A source emits two spin-half particles traveling to two distant sites where each particle’s spin is measured by a detector. If the particles are initially maximally entangled, then the probability of correctly predicting the result of the measurement on either one of the entangled particles is, according to quantum mechanics, 0.5. Image credit: Stuart, et al. ©2012 American Physical Society |

Being correct 50% of the time when calling heads or tails on a coin toss won’t impress anyone. So when quantum theory predicts that an entangled particle will reach one of two detectors with just a 50% probability, many physicists have naturally sought better predictions. The predictive power of quantum theory is, in this case, equal to a random guess. Building on nearly a century of investigative work on this topic, a team of physicists has recently performed an experiment whose results show that, despite its imperfections, quantum theory still seems to be the optimal way to predict measurement outcomes.

The physicists, Terence E. Stuart, et al., from the University of Calgary in Alberta, Canada; ETH Zurich in Switzerland; and the Perimeter Institute for Theoretical Physics in Waterloo, Ontario, Canada, have published their paper on the predictive power of quantum theory and alternative theories in a recent issue of Physical Review Letters.

“The fact that certain outcomes can only be predicted with probability 50% by quantum theory could in principle be explained in two very different ways,” coauthor Renato Renner of ETH Zurich told Phys.org. “One would be that quantum theory is an incomplete theory whose predictions are only random because we have not yet discovered the parameters that are relevant for determining the outcomes (and that another yet-to-be-discovered theory would therefore allow for better predictions).
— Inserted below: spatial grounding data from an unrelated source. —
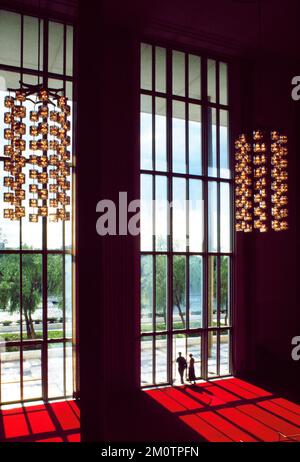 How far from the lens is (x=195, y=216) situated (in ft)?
30.9

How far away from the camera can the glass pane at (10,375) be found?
25.1 feet

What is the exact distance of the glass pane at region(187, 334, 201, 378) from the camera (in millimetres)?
9328

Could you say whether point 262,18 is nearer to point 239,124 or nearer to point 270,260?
point 239,124

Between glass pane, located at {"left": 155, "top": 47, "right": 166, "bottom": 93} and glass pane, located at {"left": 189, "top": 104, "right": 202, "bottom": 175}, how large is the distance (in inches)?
32.7

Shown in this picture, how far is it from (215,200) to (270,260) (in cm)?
198

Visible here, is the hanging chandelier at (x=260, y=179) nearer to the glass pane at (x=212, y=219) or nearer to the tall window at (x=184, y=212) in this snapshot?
the tall window at (x=184, y=212)

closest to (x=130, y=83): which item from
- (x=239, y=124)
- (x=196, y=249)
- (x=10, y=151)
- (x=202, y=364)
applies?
(x=239, y=124)

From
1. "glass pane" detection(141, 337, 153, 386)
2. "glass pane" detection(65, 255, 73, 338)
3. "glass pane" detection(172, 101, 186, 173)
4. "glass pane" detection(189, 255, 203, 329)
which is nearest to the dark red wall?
"glass pane" detection(141, 337, 153, 386)

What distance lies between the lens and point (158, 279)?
29.4 feet

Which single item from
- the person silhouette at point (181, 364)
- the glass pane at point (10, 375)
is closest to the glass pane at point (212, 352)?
the person silhouette at point (181, 364)

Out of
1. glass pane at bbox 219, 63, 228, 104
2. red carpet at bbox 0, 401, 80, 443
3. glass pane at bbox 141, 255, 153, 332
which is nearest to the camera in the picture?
red carpet at bbox 0, 401, 80, 443

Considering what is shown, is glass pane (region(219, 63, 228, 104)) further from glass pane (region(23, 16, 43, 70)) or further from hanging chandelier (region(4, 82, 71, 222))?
hanging chandelier (region(4, 82, 71, 222))

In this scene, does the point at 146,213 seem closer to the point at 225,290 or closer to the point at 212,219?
the point at 212,219

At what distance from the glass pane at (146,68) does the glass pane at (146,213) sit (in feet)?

The other explanation would be that there is ‘inherent’ randomness in Nature. Our work excludes the first possibility. In other words, it is not only quantum theory that predicts randomness, but there is ‘real’ randomness in Nature.”
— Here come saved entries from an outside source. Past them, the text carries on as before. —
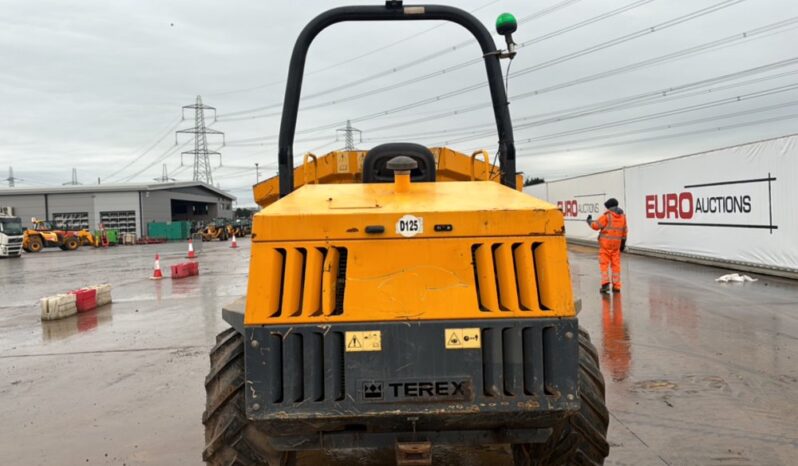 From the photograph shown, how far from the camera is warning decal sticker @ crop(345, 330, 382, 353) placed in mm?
2312

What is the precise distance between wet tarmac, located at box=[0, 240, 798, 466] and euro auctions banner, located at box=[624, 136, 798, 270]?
145cm

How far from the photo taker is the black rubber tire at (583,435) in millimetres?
2721

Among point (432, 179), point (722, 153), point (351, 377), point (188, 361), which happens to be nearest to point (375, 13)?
point (432, 179)

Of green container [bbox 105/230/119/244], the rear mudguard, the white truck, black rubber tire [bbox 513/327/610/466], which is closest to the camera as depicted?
the rear mudguard

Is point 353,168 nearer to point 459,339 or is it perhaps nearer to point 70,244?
point 459,339

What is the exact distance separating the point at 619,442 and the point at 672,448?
0.33 m

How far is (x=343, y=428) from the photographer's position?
2.41m

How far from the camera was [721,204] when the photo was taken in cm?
1391

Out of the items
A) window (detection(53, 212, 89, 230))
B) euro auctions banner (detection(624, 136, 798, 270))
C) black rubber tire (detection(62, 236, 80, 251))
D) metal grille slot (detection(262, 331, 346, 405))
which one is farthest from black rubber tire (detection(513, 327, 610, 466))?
window (detection(53, 212, 89, 230))

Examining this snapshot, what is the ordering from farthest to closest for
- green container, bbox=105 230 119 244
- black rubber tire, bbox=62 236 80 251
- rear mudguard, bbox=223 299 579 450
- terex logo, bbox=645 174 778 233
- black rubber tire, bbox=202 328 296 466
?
green container, bbox=105 230 119 244 < black rubber tire, bbox=62 236 80 251 < terex logo, bbox=645 174 778 233 < black rubber tire, bbox=202 328 296 466 < rear mudguard, bbox=223 299 579 450

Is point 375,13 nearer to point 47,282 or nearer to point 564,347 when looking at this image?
point 564,347

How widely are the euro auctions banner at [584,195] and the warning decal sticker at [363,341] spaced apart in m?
17.6

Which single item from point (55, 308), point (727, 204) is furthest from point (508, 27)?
point (727, 204)

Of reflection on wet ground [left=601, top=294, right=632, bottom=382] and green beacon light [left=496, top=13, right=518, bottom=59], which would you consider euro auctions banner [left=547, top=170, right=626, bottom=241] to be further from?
green beacon light [left=496, top=13, right=518, bottom=59]
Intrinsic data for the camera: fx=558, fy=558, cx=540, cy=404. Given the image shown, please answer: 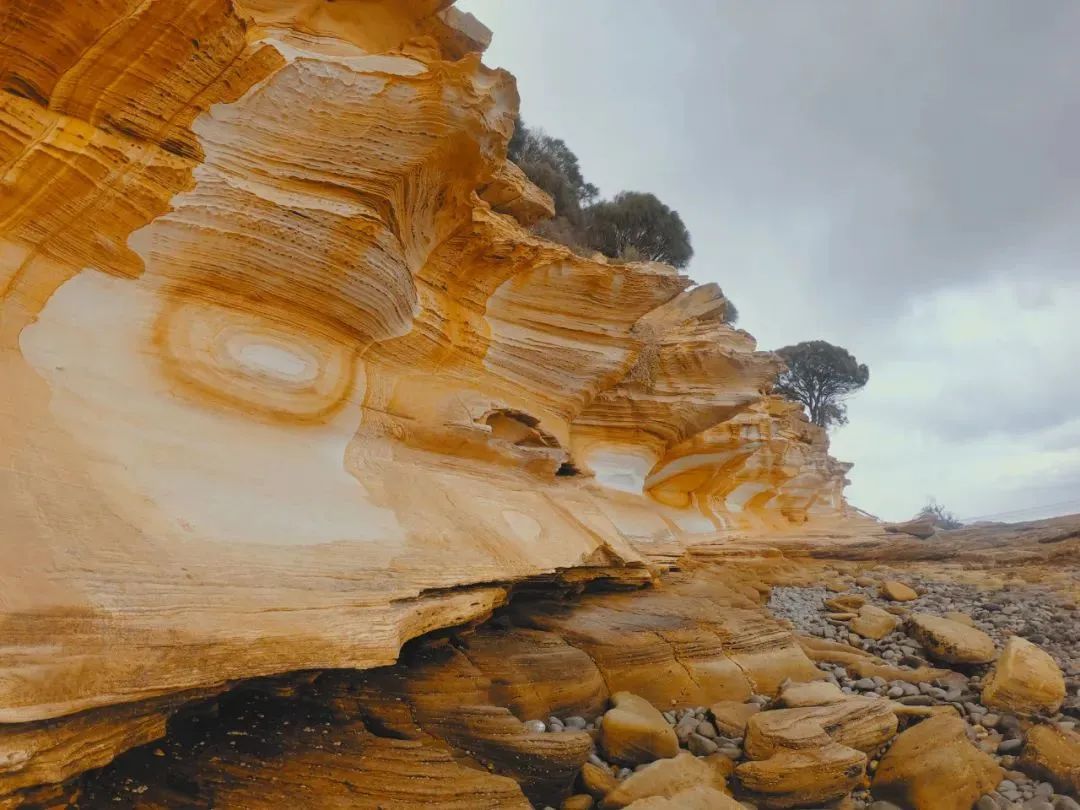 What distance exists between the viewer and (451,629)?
12.8 ft

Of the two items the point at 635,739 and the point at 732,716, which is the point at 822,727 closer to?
the point at 732,716

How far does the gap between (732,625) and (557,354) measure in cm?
334

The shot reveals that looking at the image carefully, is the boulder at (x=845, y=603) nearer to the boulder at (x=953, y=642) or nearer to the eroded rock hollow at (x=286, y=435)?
the boulder at (x=953, y=642)

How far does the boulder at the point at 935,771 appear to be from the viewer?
3135 mm

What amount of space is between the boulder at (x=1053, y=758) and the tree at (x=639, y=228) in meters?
11.3

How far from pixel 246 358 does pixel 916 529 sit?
1748cm

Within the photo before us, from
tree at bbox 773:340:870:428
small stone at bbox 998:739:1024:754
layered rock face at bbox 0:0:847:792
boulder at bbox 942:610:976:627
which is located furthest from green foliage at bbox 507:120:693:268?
tree at bbox 773:340:870:428

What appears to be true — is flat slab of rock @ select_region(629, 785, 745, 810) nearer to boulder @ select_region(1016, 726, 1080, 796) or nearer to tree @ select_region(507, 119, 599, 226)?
boulder @ select_region(1016, 726, 1080, 796)

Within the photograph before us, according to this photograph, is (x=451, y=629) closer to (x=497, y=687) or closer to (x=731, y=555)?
(x=497, y=687)

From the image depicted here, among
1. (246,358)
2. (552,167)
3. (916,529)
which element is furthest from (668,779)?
(916,529)

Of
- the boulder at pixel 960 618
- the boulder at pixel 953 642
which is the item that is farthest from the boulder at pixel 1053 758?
the boulder at pixel 960 618

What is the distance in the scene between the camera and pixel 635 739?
3.48 meters

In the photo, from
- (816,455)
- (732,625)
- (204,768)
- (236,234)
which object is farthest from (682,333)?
(816,455)

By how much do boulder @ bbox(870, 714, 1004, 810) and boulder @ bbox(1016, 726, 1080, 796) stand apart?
0.65ft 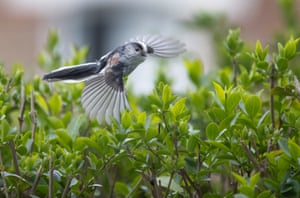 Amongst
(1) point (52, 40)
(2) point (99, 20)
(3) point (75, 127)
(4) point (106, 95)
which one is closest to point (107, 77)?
(4) point (106, 95)

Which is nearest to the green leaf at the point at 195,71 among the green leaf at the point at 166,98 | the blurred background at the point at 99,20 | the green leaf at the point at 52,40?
the green leaf at the point at 52,40

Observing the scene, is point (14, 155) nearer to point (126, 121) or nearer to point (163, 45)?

The physicists began by asking whether it may be possible to improve quantum theory’s predictive power by supplementing it with some additional information (i.e., a local hidden variable). With complete information about a scenario, classical theories can predict an outcome with 100% accuracy. But in the 1960s, physicist John Bell proved that no local hidden variable exists that could enable quantum theory to predict an outcome with complete certainty.

However, Bell’s work didn’t rule out the possibility that quantum theory’s predictive power could be improved a little bit, nor did it refute the existence of any alternative probabilistic theory that has more predictive power than quantum theory.

One recent proposal for improving quantum mechanical prediction was suggested by physicist Tony Leggett in 2003. In this model, a hidden spin vector could increase the predictive probability of quantum theory by 0.25, from 0.5 to 0.75 (with 1.0 being complete certainty). Although Leggett showed that this model is incompatible with quantum theory, there has been no reason to assume that other models don’t exist.